TASK TO COMPLETE: Transcribe exactly the lines that fall between the one holding "used 2024 Hyundai" and the one holding "New Balance Scarpe", inclusive, from the entries below.

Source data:
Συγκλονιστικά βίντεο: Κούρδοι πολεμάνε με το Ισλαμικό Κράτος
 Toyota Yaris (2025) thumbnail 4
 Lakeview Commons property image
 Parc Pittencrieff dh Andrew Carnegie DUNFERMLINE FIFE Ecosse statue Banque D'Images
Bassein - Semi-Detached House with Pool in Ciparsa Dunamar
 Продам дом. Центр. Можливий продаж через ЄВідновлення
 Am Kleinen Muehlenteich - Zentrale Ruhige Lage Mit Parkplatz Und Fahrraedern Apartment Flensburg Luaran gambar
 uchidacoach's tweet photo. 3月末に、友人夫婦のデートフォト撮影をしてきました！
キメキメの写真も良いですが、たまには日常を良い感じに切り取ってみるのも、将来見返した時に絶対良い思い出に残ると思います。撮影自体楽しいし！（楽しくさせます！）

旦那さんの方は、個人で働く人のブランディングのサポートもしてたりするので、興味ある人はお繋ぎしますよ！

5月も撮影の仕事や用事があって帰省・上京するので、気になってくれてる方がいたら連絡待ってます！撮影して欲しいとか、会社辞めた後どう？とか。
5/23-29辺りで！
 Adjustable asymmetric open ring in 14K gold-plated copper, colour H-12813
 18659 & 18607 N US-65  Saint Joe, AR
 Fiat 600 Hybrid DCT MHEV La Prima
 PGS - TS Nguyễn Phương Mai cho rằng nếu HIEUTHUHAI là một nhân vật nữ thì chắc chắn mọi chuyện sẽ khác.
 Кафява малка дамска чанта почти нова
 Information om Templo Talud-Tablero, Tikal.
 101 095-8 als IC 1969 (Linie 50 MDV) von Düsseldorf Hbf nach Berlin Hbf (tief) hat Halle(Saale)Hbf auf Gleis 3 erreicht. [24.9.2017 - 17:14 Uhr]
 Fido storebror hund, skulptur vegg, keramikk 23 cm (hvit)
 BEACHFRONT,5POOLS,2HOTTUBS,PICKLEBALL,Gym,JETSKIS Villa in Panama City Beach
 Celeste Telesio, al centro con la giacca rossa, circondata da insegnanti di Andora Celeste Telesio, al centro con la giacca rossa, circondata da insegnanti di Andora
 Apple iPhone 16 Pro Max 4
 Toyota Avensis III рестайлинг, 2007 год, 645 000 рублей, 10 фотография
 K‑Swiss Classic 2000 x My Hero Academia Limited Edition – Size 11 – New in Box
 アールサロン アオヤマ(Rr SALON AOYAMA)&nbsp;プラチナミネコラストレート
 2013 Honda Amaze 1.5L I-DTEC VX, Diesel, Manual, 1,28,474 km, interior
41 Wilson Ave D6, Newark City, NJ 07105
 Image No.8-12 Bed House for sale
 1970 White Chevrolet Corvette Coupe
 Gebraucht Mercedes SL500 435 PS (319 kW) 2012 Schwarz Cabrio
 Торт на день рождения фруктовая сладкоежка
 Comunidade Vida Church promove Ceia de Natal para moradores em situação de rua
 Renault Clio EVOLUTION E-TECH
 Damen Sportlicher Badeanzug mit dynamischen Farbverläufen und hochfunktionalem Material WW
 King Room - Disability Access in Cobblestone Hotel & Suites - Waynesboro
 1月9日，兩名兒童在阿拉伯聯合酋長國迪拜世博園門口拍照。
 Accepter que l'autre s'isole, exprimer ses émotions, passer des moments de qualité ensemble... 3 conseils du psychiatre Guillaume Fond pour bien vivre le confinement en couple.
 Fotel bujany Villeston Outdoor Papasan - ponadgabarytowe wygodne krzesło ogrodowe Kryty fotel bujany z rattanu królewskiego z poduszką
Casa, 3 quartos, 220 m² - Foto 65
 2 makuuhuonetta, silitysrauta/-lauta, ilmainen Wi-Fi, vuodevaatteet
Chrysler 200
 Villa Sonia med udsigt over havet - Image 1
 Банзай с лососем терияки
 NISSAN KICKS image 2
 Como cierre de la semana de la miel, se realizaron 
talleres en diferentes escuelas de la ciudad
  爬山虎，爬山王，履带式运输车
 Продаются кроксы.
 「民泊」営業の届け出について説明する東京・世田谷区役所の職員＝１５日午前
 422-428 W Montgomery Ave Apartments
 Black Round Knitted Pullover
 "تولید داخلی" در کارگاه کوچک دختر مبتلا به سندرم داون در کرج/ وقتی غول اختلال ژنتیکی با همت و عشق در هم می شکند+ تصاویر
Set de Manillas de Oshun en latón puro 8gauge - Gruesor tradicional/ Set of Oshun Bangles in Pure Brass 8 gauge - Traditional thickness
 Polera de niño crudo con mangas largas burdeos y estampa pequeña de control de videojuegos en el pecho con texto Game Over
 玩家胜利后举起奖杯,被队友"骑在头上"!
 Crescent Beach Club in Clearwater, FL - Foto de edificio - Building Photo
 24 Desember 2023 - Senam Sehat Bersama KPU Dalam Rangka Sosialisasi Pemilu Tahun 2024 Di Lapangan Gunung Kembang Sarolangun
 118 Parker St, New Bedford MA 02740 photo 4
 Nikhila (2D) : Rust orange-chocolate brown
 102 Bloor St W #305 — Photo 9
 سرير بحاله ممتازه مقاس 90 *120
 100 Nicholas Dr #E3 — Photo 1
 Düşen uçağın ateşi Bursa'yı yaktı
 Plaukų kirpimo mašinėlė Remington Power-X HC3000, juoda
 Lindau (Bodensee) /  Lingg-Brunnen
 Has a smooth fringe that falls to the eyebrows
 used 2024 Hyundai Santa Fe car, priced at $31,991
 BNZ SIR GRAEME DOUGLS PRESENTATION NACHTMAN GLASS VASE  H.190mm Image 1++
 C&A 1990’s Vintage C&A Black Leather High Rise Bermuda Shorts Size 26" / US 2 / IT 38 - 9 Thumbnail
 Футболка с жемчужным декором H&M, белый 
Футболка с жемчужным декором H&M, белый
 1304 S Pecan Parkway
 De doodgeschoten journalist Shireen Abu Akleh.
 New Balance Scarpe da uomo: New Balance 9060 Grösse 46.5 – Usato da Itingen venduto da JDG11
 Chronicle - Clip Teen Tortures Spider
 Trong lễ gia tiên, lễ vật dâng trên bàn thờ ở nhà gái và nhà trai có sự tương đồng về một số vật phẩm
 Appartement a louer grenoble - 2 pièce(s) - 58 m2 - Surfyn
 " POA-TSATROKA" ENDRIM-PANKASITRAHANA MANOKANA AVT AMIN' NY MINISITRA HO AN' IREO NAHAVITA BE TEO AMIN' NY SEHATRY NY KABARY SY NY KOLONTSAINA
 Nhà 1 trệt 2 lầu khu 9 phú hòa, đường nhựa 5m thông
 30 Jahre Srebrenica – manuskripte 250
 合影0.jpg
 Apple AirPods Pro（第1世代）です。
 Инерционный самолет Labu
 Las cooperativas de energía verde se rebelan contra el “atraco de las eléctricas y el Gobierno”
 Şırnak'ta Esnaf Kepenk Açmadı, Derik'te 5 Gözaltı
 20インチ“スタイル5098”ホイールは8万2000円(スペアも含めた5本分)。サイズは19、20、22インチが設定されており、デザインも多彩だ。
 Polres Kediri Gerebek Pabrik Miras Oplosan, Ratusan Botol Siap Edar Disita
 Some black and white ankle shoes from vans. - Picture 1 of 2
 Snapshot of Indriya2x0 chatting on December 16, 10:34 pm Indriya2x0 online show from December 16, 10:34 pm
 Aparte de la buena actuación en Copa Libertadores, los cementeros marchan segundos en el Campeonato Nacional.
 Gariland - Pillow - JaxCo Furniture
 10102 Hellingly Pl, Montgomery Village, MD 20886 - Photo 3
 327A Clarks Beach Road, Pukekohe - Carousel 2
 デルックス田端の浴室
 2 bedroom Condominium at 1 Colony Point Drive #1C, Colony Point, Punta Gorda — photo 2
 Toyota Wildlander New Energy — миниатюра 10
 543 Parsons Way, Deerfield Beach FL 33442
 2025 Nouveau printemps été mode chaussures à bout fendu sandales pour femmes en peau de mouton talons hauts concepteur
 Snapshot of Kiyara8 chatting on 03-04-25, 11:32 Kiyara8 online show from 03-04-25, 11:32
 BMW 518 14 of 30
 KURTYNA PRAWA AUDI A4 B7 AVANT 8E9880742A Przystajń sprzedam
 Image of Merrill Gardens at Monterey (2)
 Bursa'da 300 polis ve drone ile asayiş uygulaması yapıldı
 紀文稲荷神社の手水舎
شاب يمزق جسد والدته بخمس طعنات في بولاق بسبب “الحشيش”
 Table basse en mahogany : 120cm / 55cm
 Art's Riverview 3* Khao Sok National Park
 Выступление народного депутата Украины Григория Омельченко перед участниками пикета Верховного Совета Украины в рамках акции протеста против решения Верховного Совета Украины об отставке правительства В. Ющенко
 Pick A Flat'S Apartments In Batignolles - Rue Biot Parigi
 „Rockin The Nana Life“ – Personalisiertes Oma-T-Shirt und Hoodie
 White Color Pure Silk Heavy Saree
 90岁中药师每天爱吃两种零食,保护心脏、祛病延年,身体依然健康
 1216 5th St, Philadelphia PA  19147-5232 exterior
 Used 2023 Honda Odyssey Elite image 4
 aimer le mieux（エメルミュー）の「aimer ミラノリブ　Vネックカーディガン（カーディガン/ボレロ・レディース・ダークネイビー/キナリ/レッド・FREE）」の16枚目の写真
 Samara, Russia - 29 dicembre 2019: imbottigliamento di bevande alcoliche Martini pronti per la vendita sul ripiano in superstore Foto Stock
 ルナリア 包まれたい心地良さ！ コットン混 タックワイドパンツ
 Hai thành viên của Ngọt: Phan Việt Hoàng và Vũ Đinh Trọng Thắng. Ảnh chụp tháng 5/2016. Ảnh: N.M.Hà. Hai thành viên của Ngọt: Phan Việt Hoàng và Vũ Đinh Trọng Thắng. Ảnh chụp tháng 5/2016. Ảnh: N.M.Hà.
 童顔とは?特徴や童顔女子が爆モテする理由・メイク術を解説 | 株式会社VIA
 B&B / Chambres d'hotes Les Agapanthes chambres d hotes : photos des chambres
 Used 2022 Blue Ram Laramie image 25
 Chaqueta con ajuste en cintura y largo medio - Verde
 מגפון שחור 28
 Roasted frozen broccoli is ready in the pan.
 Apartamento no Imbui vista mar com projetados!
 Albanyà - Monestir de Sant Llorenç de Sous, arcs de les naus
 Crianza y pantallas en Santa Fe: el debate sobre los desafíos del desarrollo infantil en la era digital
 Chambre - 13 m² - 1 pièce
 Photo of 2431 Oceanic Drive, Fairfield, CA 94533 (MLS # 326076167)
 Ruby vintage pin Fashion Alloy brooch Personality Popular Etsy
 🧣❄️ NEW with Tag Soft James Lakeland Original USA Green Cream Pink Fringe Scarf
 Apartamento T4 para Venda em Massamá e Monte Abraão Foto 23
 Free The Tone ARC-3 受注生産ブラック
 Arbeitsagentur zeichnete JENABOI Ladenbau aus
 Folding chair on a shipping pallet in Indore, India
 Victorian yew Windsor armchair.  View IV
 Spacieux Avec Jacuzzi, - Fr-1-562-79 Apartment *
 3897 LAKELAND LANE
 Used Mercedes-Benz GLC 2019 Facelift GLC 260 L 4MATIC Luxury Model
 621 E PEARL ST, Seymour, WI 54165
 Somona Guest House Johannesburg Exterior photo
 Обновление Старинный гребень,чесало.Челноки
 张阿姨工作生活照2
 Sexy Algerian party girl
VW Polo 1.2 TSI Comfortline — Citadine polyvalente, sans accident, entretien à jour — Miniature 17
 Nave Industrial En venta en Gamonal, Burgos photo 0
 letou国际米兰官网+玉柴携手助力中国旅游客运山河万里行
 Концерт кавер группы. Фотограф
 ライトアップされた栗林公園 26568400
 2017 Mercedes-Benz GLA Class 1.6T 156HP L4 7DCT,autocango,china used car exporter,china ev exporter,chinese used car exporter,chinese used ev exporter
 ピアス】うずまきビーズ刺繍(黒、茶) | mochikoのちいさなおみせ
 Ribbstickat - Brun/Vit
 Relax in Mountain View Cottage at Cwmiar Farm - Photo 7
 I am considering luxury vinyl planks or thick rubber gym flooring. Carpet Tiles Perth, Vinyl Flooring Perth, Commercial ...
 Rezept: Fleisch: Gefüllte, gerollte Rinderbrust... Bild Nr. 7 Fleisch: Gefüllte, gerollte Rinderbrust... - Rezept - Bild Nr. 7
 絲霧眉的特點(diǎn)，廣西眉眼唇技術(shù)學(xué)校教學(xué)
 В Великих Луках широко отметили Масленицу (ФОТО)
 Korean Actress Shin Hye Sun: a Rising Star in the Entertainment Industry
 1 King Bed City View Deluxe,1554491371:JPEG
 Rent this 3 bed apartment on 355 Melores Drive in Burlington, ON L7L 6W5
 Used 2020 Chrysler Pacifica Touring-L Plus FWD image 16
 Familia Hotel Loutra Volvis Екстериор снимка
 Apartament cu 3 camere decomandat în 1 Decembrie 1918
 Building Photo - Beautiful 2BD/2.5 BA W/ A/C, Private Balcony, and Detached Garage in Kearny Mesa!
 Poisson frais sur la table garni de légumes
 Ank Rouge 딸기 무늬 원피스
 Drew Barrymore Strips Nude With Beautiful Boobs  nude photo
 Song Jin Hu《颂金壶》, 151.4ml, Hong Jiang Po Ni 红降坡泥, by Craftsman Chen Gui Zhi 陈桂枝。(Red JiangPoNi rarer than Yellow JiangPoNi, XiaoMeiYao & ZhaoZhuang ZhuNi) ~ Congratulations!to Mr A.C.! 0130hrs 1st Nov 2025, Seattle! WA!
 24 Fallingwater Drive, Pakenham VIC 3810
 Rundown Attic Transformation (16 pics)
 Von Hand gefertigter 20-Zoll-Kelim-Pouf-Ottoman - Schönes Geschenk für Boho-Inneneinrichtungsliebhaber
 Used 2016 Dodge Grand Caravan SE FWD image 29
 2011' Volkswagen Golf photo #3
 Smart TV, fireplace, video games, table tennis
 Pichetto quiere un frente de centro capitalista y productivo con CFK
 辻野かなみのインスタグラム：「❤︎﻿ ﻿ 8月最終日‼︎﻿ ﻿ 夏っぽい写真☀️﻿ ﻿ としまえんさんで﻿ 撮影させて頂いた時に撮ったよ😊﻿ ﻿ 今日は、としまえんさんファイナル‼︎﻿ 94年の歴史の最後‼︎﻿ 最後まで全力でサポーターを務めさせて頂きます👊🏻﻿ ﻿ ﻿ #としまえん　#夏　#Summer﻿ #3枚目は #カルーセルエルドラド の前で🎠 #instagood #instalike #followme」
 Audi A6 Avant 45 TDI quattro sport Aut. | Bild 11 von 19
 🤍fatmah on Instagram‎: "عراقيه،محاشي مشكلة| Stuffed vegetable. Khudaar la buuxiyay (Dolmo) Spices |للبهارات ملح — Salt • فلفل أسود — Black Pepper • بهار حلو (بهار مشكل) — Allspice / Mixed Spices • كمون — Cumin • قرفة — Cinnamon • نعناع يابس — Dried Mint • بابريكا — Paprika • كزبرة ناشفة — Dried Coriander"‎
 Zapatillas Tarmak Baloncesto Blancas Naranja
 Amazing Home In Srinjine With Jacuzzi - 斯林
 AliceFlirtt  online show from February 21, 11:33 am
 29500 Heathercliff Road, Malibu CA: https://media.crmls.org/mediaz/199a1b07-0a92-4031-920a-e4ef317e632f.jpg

FINISHED EXERCISE:
 used 2024 Hyundai Santa Fe car, priced at $31,991
 BNZ SIR GRAEME DOUGLS PRESENTATION NACHTMAN GLASS VASE  H.190mm Image 1++
 C&A 1990’s Vintage C&A Black Leather High Rise Bermuda Shorts Size 26" / US 2 / IT 38 - 9 Thumbnail
 Футболка с жемчужным декором H&M, белый 
Футболка с жемчужным декором H&M, белый
 1304 S Pecan Parkway
 De doodgeschoten journalist Shireen Abu Akleh.
 New Balance Scarpe da uomo: New Balance 9060 Grösse 46.5 – Usato da Itingen venduto da JDG11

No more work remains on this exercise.